2022 midterms

Who Has the Edge in Georgia’s Suddenly Less Momentous Senate Runoff?

Photo-Illustration: Intelligencer. Photos: Getty Images

Had Democrats not won the very close Senate races in Pennsylvania, Arizona, and Nevada, Georgia’s December 6 runoff between Democratic incumbent Raphael Warnock and Republican challenger Herschel Walker would have represented the second straight overtime match in the Peach State that decided control of the upper chamber. It would have been a familiar experience for Warnock, who won his seat in the dual January 2021 runoffs that sent the Atlanta minister and his ticket mate Jon Ossoff to Washington.

Instead, the runoff will decide whether Democrats will hang onto 50 Senate seats and run the chamber via Kamala Harris’s tiebreaking vote, as they have the last two years, or will gain the breathing room of a single vote that might modestly reduce the power of centrist heretics Joe Manchin and Kyrsten Sinema.

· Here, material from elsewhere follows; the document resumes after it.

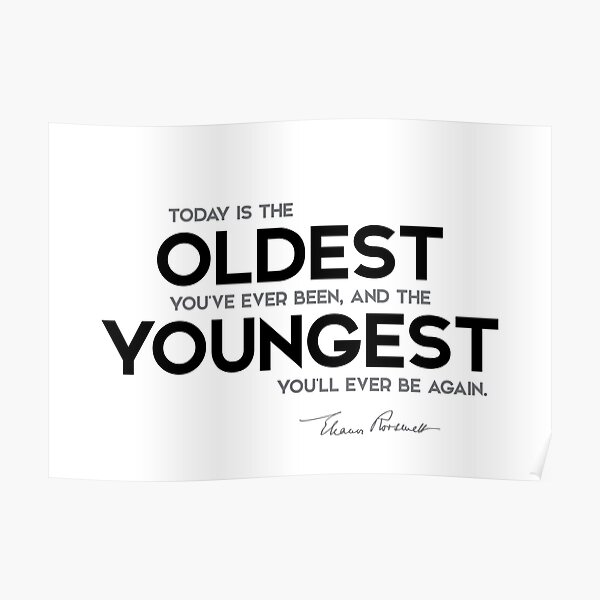 oldest, youngest - eleanor roosevelt Poster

And if, as still appears more likely than not, Republicans win control of the House, the precise Senate bean counting that dominated Washington speculation so often in 2021 and 2022 will become much less important as congressional gridlock paralyzes most legislation.

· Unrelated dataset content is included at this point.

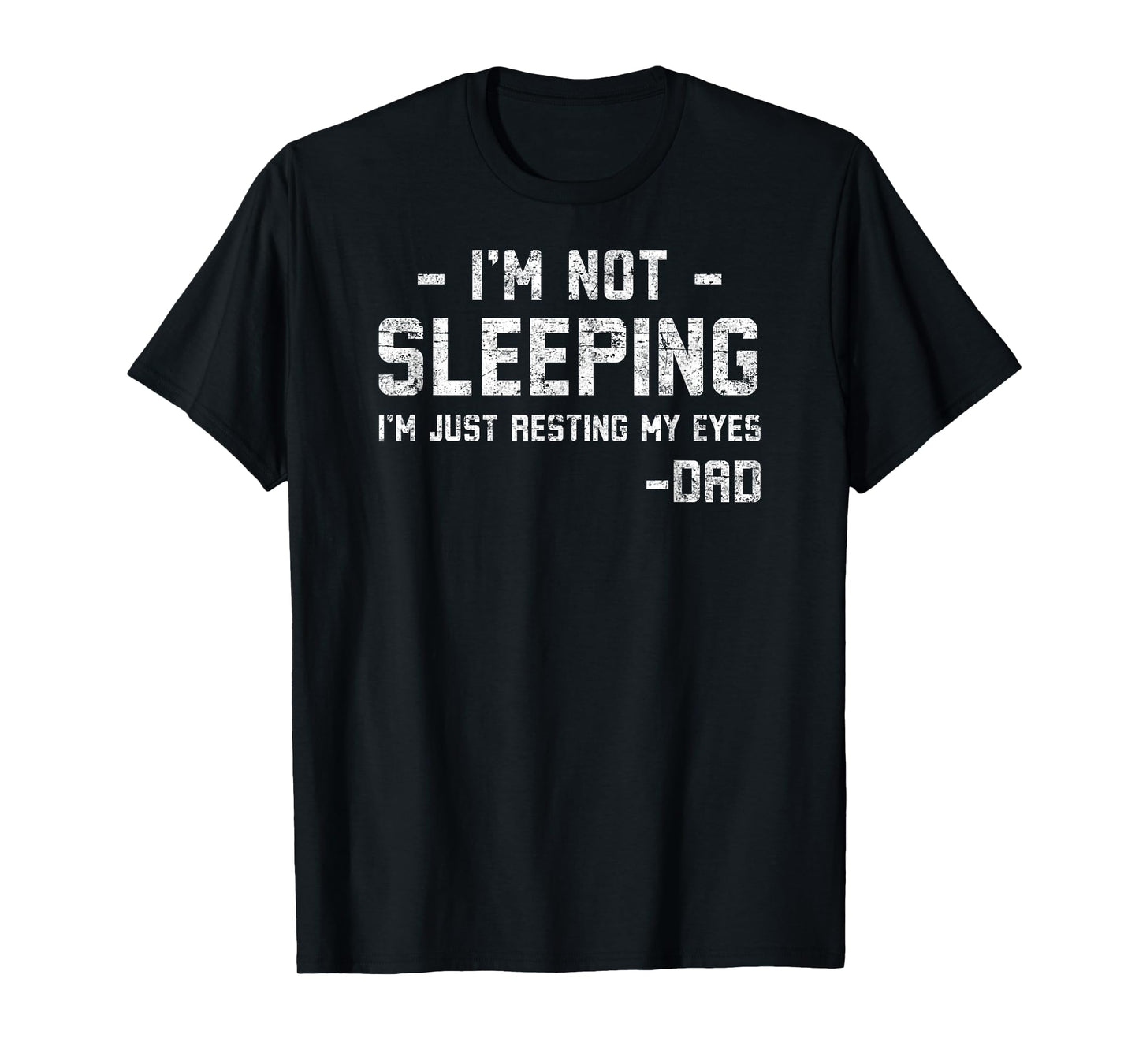 I'm Not Sleeping Just Resting My Eyes Funny Tee Father's Day T-Shirt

What is entirely unclear at this early point is which of the two runoff candidates benefits from the suddenly nonexistential stakes of the overtime contest.

On the one hand, the Republican voters who appear to have abandoned Herschel Walker in the first round, presumably because of the vast personal baggage that emerged into lurid sight during the 2022 campaign, will be under less pressure to put on the party yoke and come out on a Tuesday in December to save Walker’s candidacy in order to flip the Senate and smite Joe Biden. The former football legend ran five points behind Governor Brian Kemp and also trailed the other statewide Republican candidates, who all won majorities. As Greg Bluestein of the Atlanta Journal-Constitution notes, Georgia Democrats have been quick to note the changed context of the runoff:

[N]ow that Democrats control the Senate, Walker can’t cast the race as a battle to flip back control of the chamber. And that could give voters worried about Walker’s personal issues less of a reason to vote in a post-Thanksgiving overtime race. “Republicans’ main argument for electing Herschel Walker just went up in smoke,” said Sarafina Chitika, a Warnock campaign spokeswoman.

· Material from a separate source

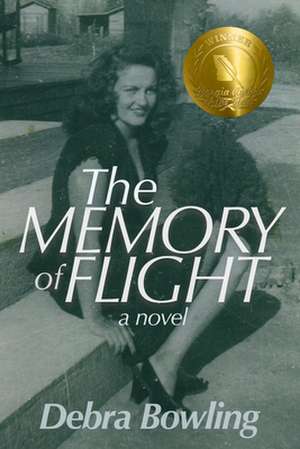 The Memory of Flight de Debra Bowling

On the other hand, it’s possible the modified stakes of the runoff will also make it hard for Democrats to replicate the massive ground game that worked so astonishingly well in the last Senate runoffs, particularly if Donald Trump doesn’t give them an assist by traveling the state like a wounded werewolf, complaining about rigged Georgia elections and discouraging GOP-base turnout. (Trump’s presence or absence from the state this time around may be a problem for Walker’s campaign to navigate, however.)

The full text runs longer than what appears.